This step loads a single phrase from the dataset to confirm files are readable and aligned. It selects a phrase, loads the mix and stems at native sample rate, prints basic stats, checks duration consistency, and optionally plots quick waveforms. This sanity check prevents chasing downstream errors caused by misaligned audio.


In [None]:
# Step 2: Load one phrase and validate alignment

import os
import re
import numpy as np
import librosa
import soundfile as sf
import matplotlib.pyplot as plt

# Choose a phrase to inspect. You can override this with a specific ID like "gw_phrase03".
phrase_id = READY_PHRASES[0] if READY_PHRASES else None
assert phrase_id is not None, "No ready phrases found. Check Step 1 output."

print(f"[INFO] Inspecting phrase: {phrase_id}")

# Gather file paths for this phrase
mix_path = os.path.join(AUDIO_DIR, PHRASE_GROUPS[phrase_id]["mix"][0])
stem_pairs = PHRASE_GROUPS[phrase_id]["stems"]  # list of (part, filename)

# Load mix at native sample rate, mono for simplicity
y_mix, sr = librosa.load(mix_path, sr=None, mono=True)
dur_mix = len(y_mix) / sr

print(f"[INFO] Loaded mix: {os.path.basename(mix_path)}")
print(f"[INFO] Sample rate: {sr} Hz")
print(f"[INFO] Mix duration: {dur_mix:.3f} s")
print(f"[INFO] Found {len(stem_pairs)} stems:", [p for p, _ in stem_pairs])

# Load stems and track durations
stems_audio = {}
durations = {}

for part, fname in stem_pairs:
    path = os.path.join(AUDIO_DIR, fname)
    y, sr_stem = librosa.load(path, sr=sr, mono=True)  # force same sr as mix
    stems_audio[part] = y
    durations[part] = len(y) / sr
    if sr_stem != sr:
        print(f"[WARN] {fname} sample rate was {sr_stem} and was resampled to {sr}")

# Alignment check: compare lengths
print("\n[INFO] Duration check (seconds):")
print(f"   mix: {dur_mix:.3f}")
for part in sorted(stems_audio.keys()):
    print(f"   {part}: {durations[part]:.3f}")
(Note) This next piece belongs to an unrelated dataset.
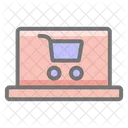 Comercio Eletronico Vol Ícone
# Simple tolerance for small mismatches due to trims or silence
TOL = 0.02  # 20 ms

def trim_or_pad_to_match(y, target_len):
    if len(y) == target_len:
        return y
    if len(y) > target_len:
        return y[:target_len]
    pad = target_len - len(y)
    return np.pad(y, (0, pad), mode="constant")

target_len = len(y_mix)
fixed = {}

needs_fix = []
for part, y in stems_audio.items():
    if abs(len(y) - target_len) / sr > TOL:
        needs_fix.append((part, (len(y) - target_len) / sr))

if needs_fix:
    print("\n[WARN] Some stems differ from mix length by more than 20 ms:")
    for part, diff_s in needs_fix:
        print(f"   {part}: {diff_s:+.3f} s difference")
    print("[INFO] Trimming or padding stems to match mix length for this session view.")
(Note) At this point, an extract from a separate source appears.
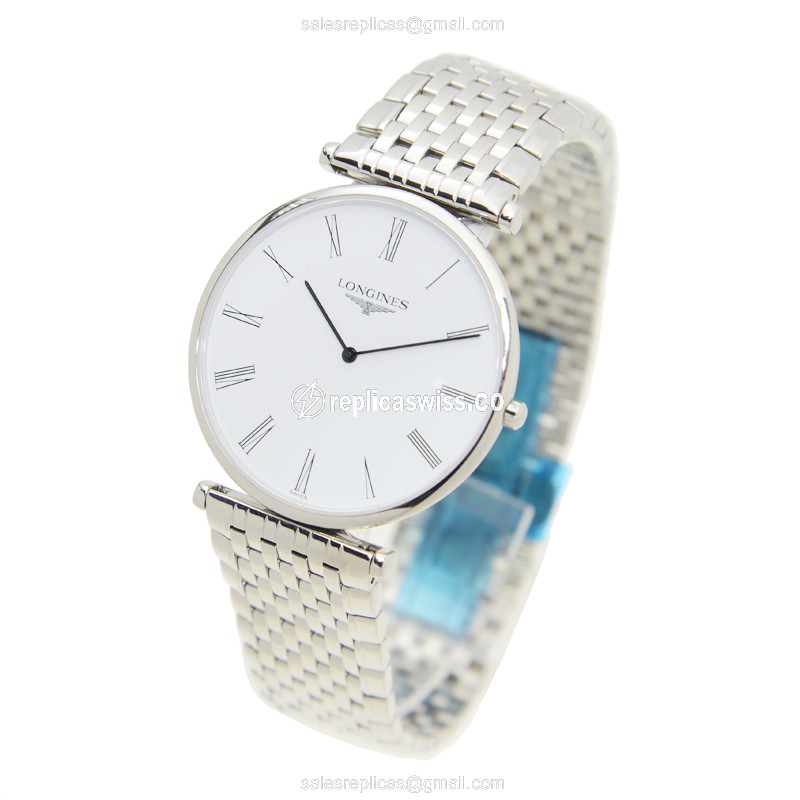 Longines L4.766.4.11.6 LA GRANDE Quartz Stainless Steel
# Create aligned copies for analysis
for part, y in stems_audio.items():
    fixed[part] = trim_or_pad_to_match(y, target_len)

# Optional quick plots
PLOT = True
if PLOT:
    # Plot mix and up to three stems to keep it readable
    to_plot = ["mix"] + sorted(list(fixed.keys()))[:3]
    plt.figure(figsize=(12, 6))
    ax = plt.gca()
    t = np.arange(len(y_mix)) / sr
    ax.plot(t, y_mix, linewidth=0.8, label="mix")
    for part in to_plot[1:]:
        ax.plot(t, fixed[part], linewidth=0.6, alpha=0.8, label=part)
    ax.set_title(f"Waveforms for {phrase_id} (mix and first stems)")
    ax.set_xlabel("Time (s)")
    ax.set_ylabel("Amplitude")
    ax.legend()
    plt.show()

print("\n[INFO] Step 2 complete.")
print("[INFO] Variables available for next step:")
print("   phrase_id      ->", phrase_id)
print("   y_mix, sr      -> NumPy array audio and sample rate")
print("   stems_audio    -> dict of raw stems by part")
print("   fixed          -> dict of length-aligned stems by part")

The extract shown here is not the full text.